Friday, January 07, 2011

Significant Moments: Colonialism as a Metaphor for the Retrovirus

Albert Rothenberg, M.D. first described or discovered a process he termed "homospatial thinking," which consists of actively conceiving two or more discrete entities occupying the same space, a conception leading to the articulation of new identities. Homospatial thinking has a salient role in the creative process in the following wide variety of fields: literature, the visual arts, music, science, and mathematics. This cognitive factor, along with "Janusian thinking," clarifies the nature of creative thinking as a highly adaptive and primarily nonregressive form of functioning.

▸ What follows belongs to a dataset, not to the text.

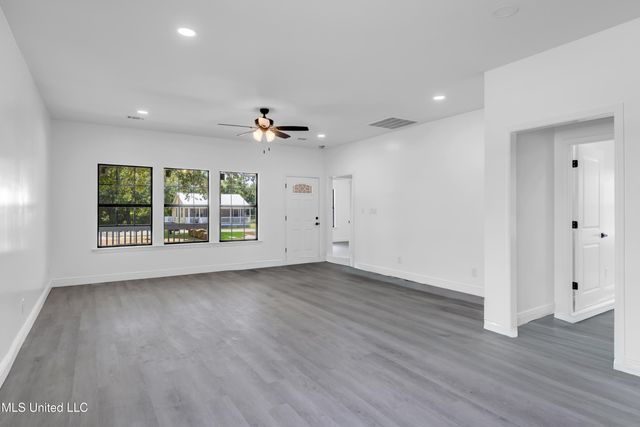 1411 Mantou Street, Pascagoula, MS 39567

There is a section of my book Significant Moments whose manifest content describes retroviruses.  A retrovirus is an RNA virus that is replicated in a host cell via the enzyme reverse transcriptase to produce DNA from its RNA genome. The DNA is then incorporated into the host's genome by an integrase enzyme. The virus thereafter replicates as part of the host cell's DNA. Retroviruses are enveloped viruses that belong to the viral family Retroviridae.  In simple terms the retrovirus transforms it's RNA into DNA (autoplasty) and goes on to alter the genetic makeup of the host it invades (alloplasty).  The retrovirus can be pathogenic (causing AIDS, cancers, and other diseases); but it's unique ability to alter a host cell's genome permits scientists to use it to insert beneficial genes into an organism's DNA that will be inherited over the generations.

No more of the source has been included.